Creating Weather Conditions in Video Production

Dealing with hot weather

For warm-blooded mammals that have been evolving to be perfectly suited to our surroundings for a while now, we do spend a remarkable amount of time trying to adjust those very surrounding conditions to make ourselves comfortable. We need air conditioning and heaters, umbrellas and sunglasses, we need blinds to shade out light but also need to wire in bulbs so that we can see, and then we pop a shade over that bulb just in case that is too bright. We are needy and fragile. We can’t handle dust. DUST! There are mammals that can survive weeks without food or water or shelter or sunglasses, while being hunted by other ferocious mammals that want to kill them. Kill them and eat them. They survive all of this. They survive all of this while being in a perpetual state of pregnancy. If I inhale in the same room as some dust I am immediately bed bound. In short – we are delicate. We need stability and consistency. We need nothing less than a record-breaking heatwave.
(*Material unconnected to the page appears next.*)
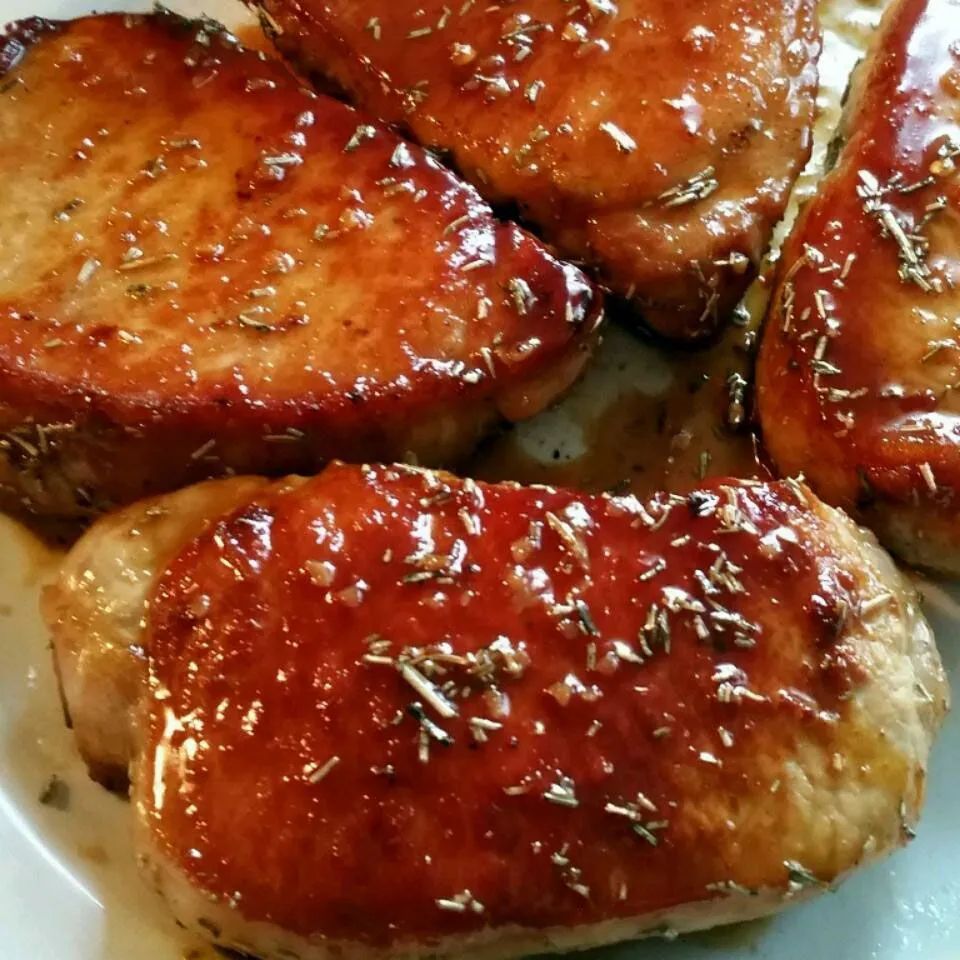 Pork Chops with Apple Cider Glaze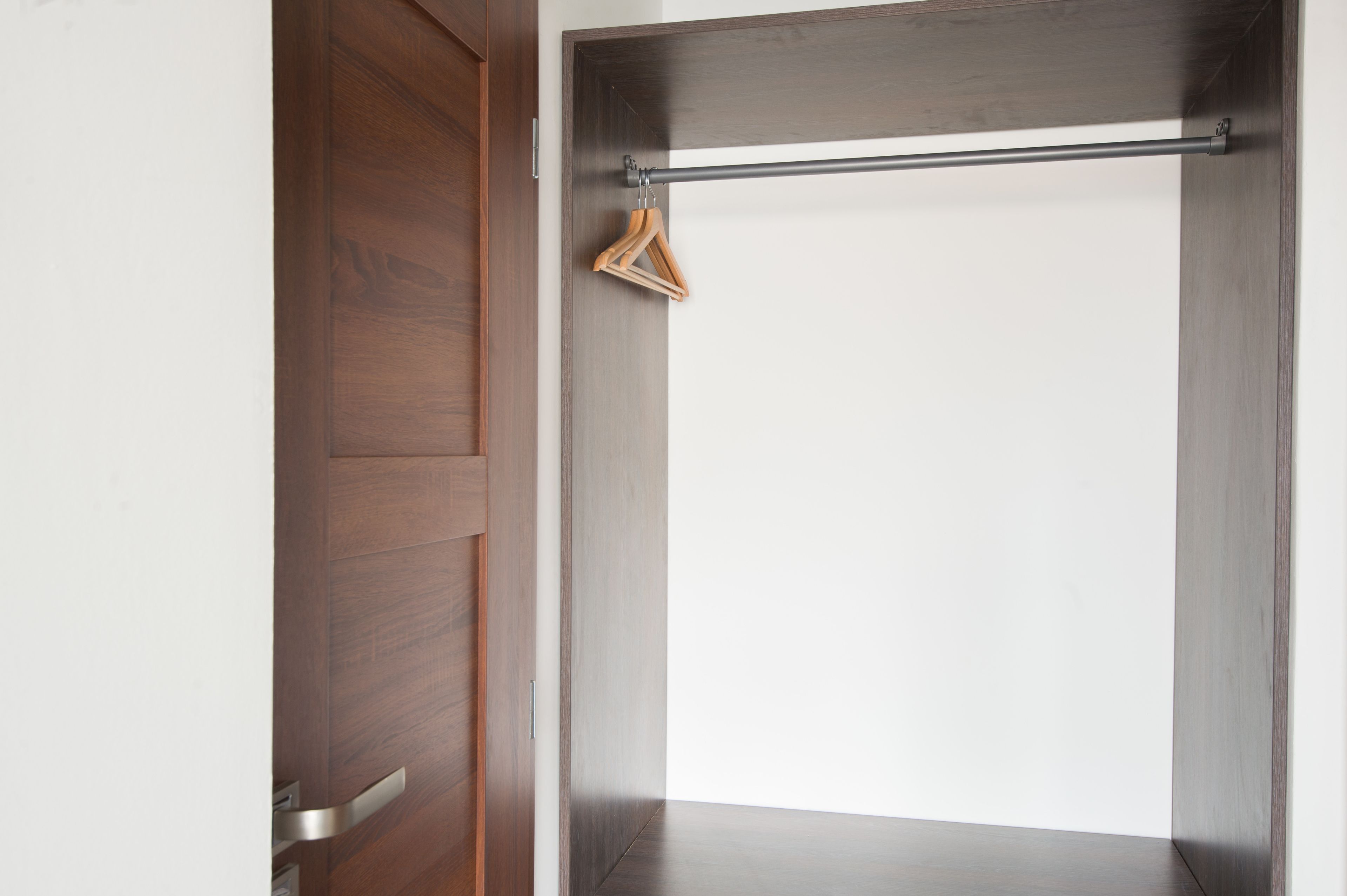 Schreibtisch, laptopgeeigneter Arbeitsplatz, Verdunkelungsvorhänge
In fact, we need one thing less than a record-breaking heatwave and that is a record-breaking heatwave when you are trying to shoot a Christmas commercial!

While as a nation we’ve been overwhelmed by the uphill battle of adjusting to our microclimate, this is actually one of the continuous struggles of video production – wrestling with nature to create fake weather conditions for a shoot. Summer ads can’t be shot in summer. The commercial to launch your spring range needs to have been picture locked before winter ends. Easter promos being shot any time after Jesus is born are way behind schedule. So if the challenge of changing seasons on command is an uphill battle, the past few weeks of forty-degree heat have made that hill seem positively Himalayan. To make us all feel a little better I’ve taken a look at one example from TV and one from film which demonstrates the lengths we will go to create the perfect, if entirely fake, weather conditions.

Fake Weather in TV – Fargo

While shooting season 2 of Fargo, the TV reimagining of the Coen brothers film of the same name, the production was halted due to lack of snow. Synonymous with howling whiteout blizzards and the anxious fervour of a small mountain town hit by a crimewave, without snow there is no Fargo. Executive Producer of the show Warren Littlefield told Vanity Fair “We were sending trucks into the mountains to load them up with snow and bring them down to our locations. They’d bring back these huge blocks of snow and then we had kind of a wood chipper that worked through these blocks of snow and ice and then just spit it out into a spray.” Anybody who has seen the second season of Fargo would concede that the snow looked nothing less than pristine and fresh from the skies, which it was, only it was delivered from the skies by dump trucks.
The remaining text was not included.